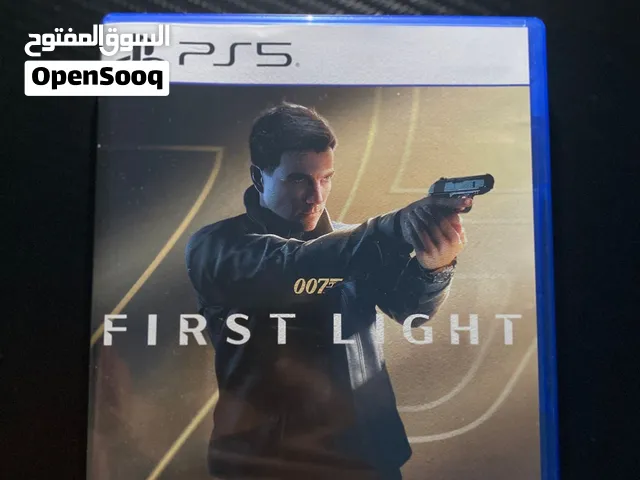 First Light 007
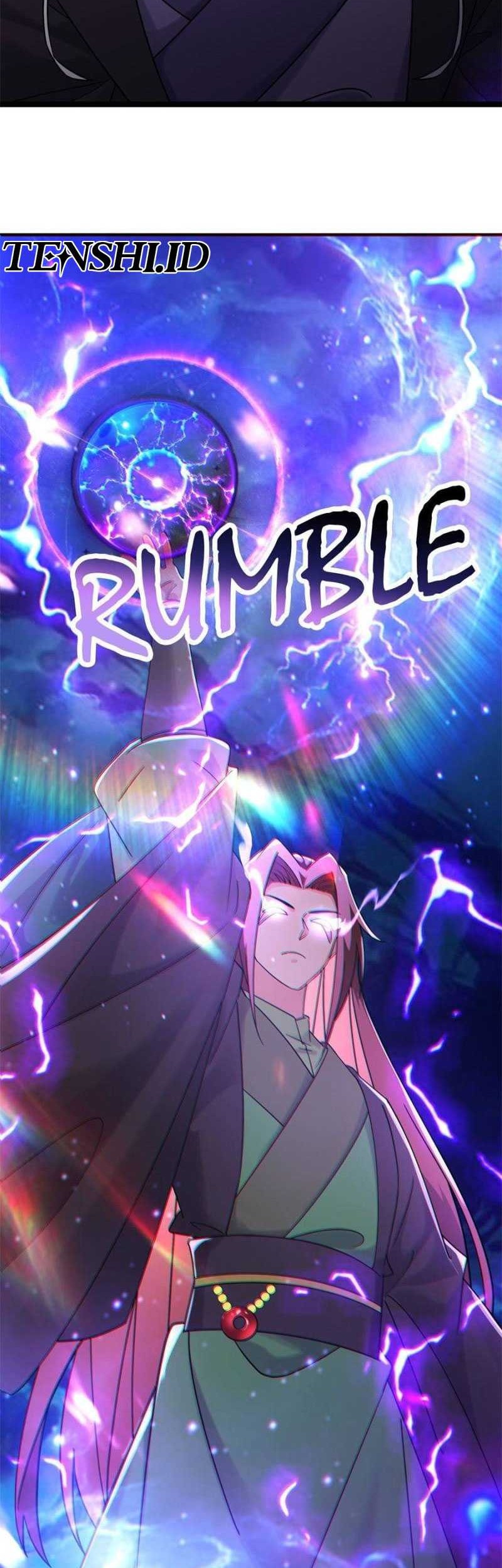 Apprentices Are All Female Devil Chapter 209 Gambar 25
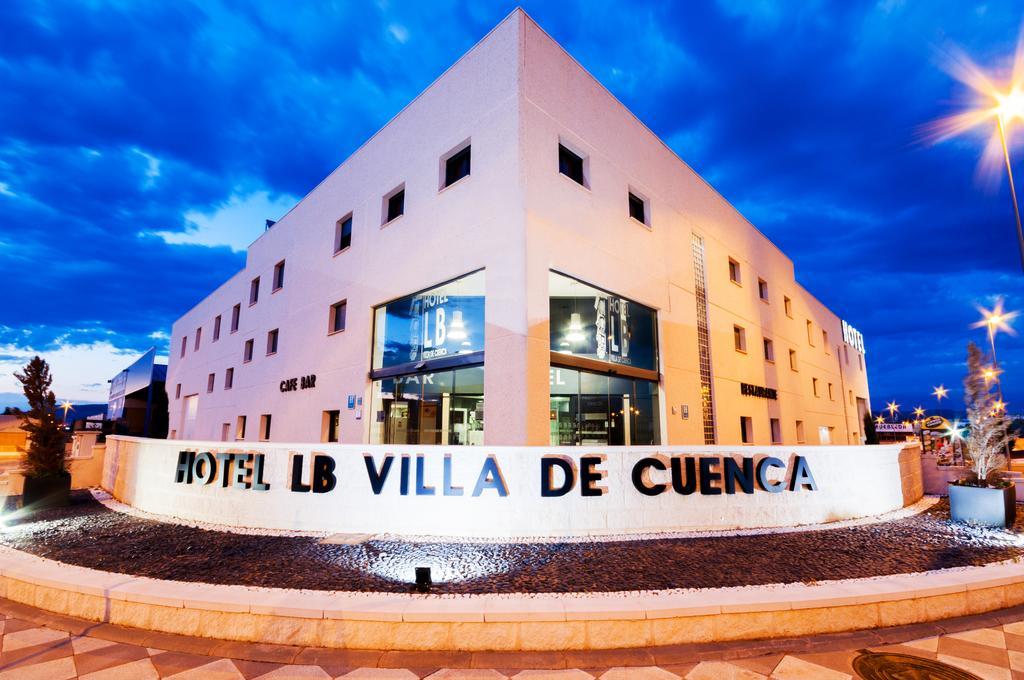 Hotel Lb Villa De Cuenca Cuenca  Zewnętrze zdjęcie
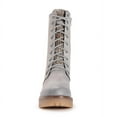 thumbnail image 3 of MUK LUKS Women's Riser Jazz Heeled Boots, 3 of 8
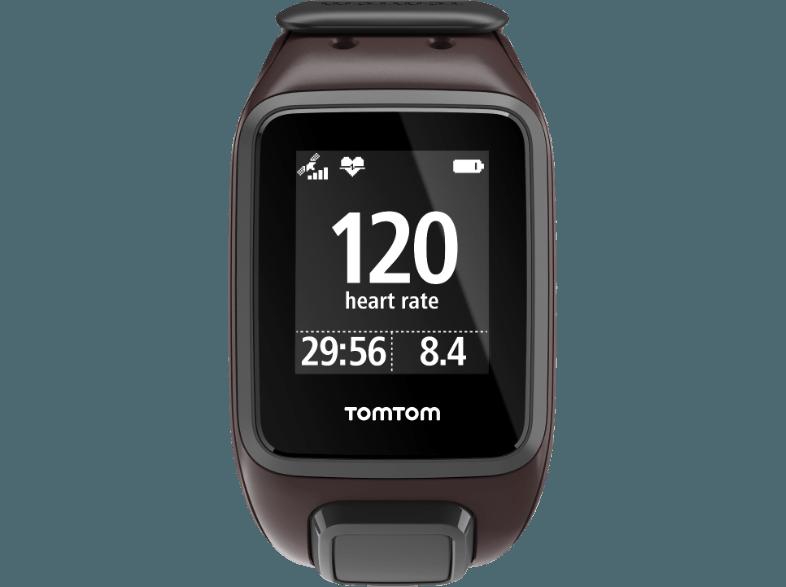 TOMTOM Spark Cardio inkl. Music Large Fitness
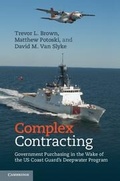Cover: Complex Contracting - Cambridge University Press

------------------------------------------------------------

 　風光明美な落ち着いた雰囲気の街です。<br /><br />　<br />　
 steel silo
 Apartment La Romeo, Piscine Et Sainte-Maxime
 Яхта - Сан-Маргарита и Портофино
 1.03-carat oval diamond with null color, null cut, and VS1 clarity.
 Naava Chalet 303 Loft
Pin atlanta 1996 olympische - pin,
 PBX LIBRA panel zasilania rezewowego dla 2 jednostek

------------------------------------------------------------

Problem to work on: Work from the entries above. Set down exactly and only the lines from the line with "First Light 007" to the line with "Cover: Complex Contracting", both included, and leave the pictures out.

Exercise answer:
 First Light 007
 Apprentices Are All Female Devil Chapter 209 Gambar 25
 Hotel Lb Villa De Cuenca Cuenca  Zewnętrze zdjęcie
 thumbnail image 3 of MUK LUKS Women's Riser Jazz Heeled Boots, 3 of 8
 TOMTOM Spark Cardio inkl. Music Large Fitness
Cover: Complex Contracting - Cambridge University Press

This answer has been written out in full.